Good example:)
Can we define a gluon.dataset like below for putting negative sampling inside train iter instead of calling this function per iteration? I think this may be helpful for simplifying the training progress and reducing memory usage especially dealing with larger dataset like movielens 20 million and other.
def __getitem__(self, idx):
if idx % (self.nb_neg + 1) == 0:
idx = idx // (self.nb_neg + 1)
return self.data[idx][0], self.data[idx][1], np.ones(1, dtype=np.float32).item()
else:
idx = idx // (self.nb_neg + 1)
u = self.data[idx][0]
j = mx.random.randint(0, self.nb_items).asnumpy().item()
while (u, j) in self.mat:
j = mx.random.randint(0, self.nb_items).asnumpy().item()
return u, j, np.zeros(1, dtype=np.float32).item()
Thank you very much for providing the code, I will give it a test ! If it helps, we will revise it.
thank you so much. i will try
Hi, I think the ‘num_users’ in evaluate_ranking function should be ‘num_items’.
def evaluate_ranking(net, test_input, seq, candidates, num_users, num_items,
ctx):
ranked_list, ranked_items, hit_rate, auc = {}, {}, [], []
# all_items = set([i for i in range(num_users)])
all_items = set([i for i in range(num_items)])
You have a typo - eastimating should be estimating.
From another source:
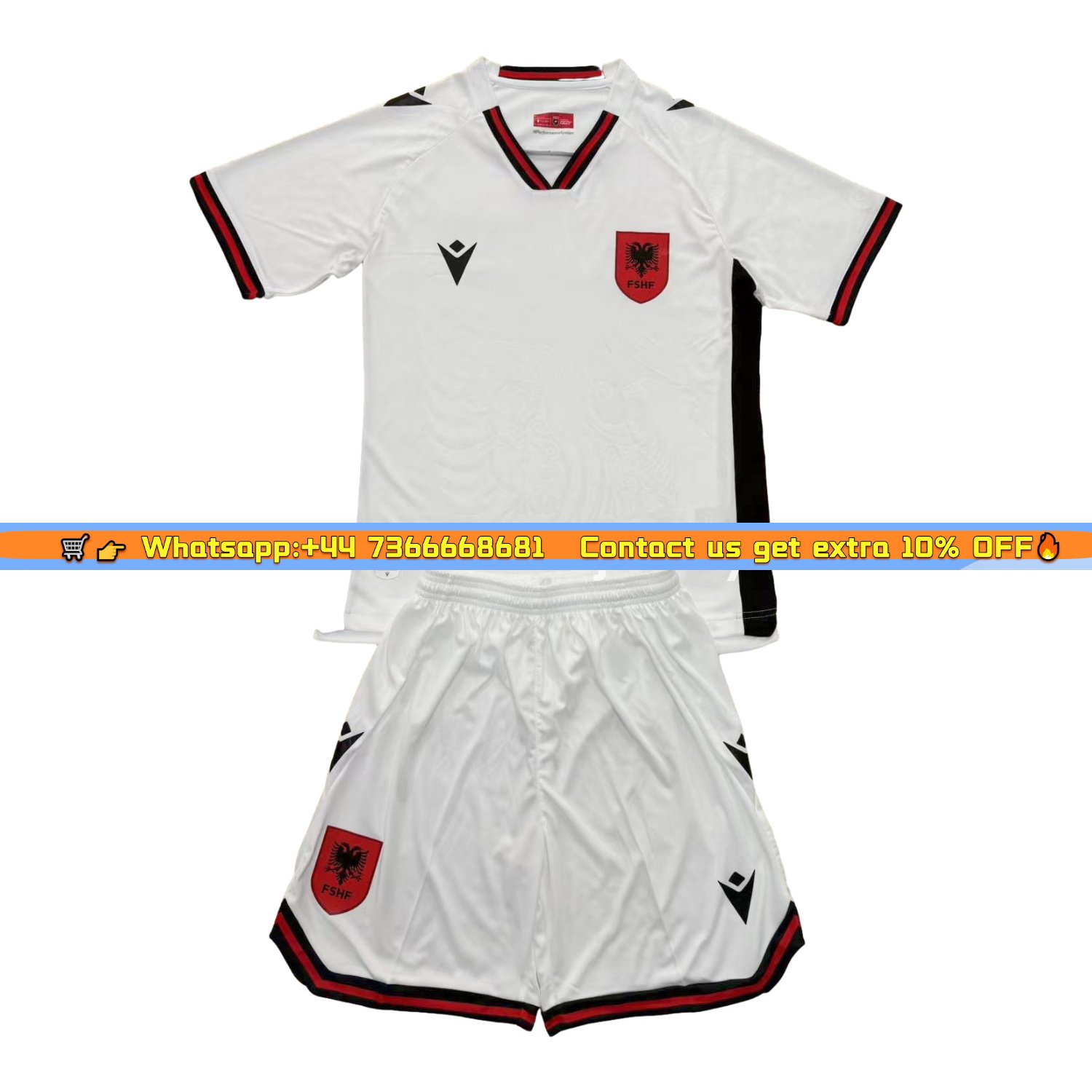 Albania 25-26 Away Men's Adult Jersey Set - Fans Version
Your typo did however make me hungry
Have a question for “negative sampling”. the book says
samples negative items randomly for each user from the candidate set of that user.
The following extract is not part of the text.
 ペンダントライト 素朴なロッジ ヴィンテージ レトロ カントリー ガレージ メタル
But the code says otherwise: all negative samples are drawn from exactly NOT from that candidate set:
list(self.all - set(self.cand[int(self.users[idx])]))
And all the formula for computing AUC is using I\S_u
to exclude the candidate set.
How can I make sense of it?
Agreed.
According to
- the definition of function load_data_ml100k
- this line
users_train, items_train, ratings_train, candidates = d2l.load_data_ml100k(train_data, num_users, num_items, feedback="implicit")
candidates should be the list of items users have interacted with.
Hi, Thanks for sharing the detailed information. Can you provide us with an example or how to do prediction once you built this model. May be we can use the movielens itself. It would mean a lot or just guide me to the some reference.
Thanks in advance